可待在这里,她是也会变成下一个老爷,下一个娃娃还是下一个巴吉度猎犬?

[万时,我们多想说人生是可以让你无边奔跑的旷野,但它总是一个个大小嵌套的笼子,你我都在其中,自由与欲望总是很难两全。]

[这里有你从来都接触不到的资源,有你曾经梦寐以求的一切。征服它、得到它,如果征服不了就砸碎它。]

[你要学会扎根在不一样的泥里。你要活的比我们更好。]

她慢慢松开了抓着皮鞋的手指,面上表情瞬间变化,她正要再演出梨花带雨,没想到眼泪先一步淌满了脸。

万时忽然那一刻意识到:

马戏团只是一个短暂的、无知的梦,但那一切都已经消失了。

[别怕。我们都在这里陪着你。]

万时慢慢抬起眼,紧抿着嘴唇故作恐惧的望着维德。

看着她惨白脸颊上的水痕,维德没有五官的脑袋歪了歪头,机械音道:“亲爱的,你是我的孩子,我不想伤害你的。
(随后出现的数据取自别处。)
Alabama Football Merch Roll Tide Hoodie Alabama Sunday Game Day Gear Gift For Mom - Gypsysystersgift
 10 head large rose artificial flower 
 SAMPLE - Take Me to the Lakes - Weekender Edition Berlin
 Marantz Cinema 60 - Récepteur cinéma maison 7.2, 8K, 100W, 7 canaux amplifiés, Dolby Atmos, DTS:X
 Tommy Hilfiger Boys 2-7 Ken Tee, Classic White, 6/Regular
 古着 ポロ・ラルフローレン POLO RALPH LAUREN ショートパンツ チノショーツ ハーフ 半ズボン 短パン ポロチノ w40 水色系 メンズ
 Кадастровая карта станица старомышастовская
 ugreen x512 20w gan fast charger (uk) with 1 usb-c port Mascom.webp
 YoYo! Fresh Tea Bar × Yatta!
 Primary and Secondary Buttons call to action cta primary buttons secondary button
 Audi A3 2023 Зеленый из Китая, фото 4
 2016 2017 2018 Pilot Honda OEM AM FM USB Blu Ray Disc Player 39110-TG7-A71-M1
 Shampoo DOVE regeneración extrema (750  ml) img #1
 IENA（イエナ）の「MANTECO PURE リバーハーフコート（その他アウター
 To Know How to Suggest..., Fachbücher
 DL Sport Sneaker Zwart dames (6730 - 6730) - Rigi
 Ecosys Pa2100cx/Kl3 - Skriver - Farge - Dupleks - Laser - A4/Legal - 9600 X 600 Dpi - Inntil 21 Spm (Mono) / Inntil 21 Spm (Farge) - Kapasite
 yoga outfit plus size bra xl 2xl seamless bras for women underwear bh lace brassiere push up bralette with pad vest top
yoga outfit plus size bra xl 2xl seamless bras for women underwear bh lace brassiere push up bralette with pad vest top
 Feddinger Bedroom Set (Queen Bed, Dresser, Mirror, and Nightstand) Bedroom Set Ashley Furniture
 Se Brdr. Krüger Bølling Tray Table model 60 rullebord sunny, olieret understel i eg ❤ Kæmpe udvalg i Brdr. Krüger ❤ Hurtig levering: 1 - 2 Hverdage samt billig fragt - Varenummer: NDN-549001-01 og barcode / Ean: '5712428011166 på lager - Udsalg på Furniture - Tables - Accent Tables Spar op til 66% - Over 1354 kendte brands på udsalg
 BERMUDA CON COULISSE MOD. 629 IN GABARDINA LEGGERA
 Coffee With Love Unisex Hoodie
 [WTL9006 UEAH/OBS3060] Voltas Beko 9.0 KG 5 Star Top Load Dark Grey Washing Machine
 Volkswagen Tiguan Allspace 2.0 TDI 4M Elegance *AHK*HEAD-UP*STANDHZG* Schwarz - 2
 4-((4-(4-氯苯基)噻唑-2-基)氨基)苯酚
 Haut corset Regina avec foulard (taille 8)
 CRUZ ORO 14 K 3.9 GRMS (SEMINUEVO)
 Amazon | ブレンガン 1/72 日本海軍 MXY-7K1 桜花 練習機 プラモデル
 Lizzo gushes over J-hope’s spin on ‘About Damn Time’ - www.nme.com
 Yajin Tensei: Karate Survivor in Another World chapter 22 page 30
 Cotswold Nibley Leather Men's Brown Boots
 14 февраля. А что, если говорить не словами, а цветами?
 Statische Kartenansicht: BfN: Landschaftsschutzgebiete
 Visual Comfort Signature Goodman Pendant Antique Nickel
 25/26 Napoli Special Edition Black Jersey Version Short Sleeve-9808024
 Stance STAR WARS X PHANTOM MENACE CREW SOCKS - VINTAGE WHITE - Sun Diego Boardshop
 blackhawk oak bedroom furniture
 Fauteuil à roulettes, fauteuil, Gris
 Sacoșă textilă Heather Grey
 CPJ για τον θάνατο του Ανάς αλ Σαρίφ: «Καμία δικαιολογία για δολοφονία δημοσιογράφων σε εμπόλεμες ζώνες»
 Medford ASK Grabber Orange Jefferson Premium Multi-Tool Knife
但你该懂得以后要靠谁。”

她被电击刺痛的嗓子轻声道:“……是,父亲。”

维德抬起了手将她拽起来,声音含笑,又将她抱在了膝头,为她穿上了皮鞋。

万时几乎忍不住要抖。

“去吧,跟你的哥哥打声招呼。”

万时这时候才发现窗边暗处,站着一个少年。

她被维德轻推了一下后背,朝少年走过去。

少年身量单薄修长,看起来十六七岁的模样,穿着衬衫与西装马甲,背着手。

在维德再说一遍后,少年满不情愿的转过脸来。

他站的角落实在是昏暗,万时一时没有看清,只觉得有张浸透冰水的瓷盏似的脸在黑暗中浮着。

外头闪电一晃而过,照亮了少年的全身。

他眉眼单薄且清冷昳丽,就像是白描勾勒细线的画像,满心欲念却故作不语要对方猜似的。

他打量着万时的脸,又低头看她的鞋,问女仆长道:“之前那双脚是她?”

“是。少爷。”

他之前路过房门外,听到几声女孩的惨叫哀嚎,路过门口却只看见一双搭在沙发脚踏边沿红肿的脚。

脚底全是嵌入的石子儿玻璃沙子,皮肉掉了层层。

他简直不敢相信这是一个女孩的脚,更不敢想这双脚走过什么样的路。

他以为她是因为换药在疼的哭喊,却听到女仆与医生们低低议论,说还没开始换药。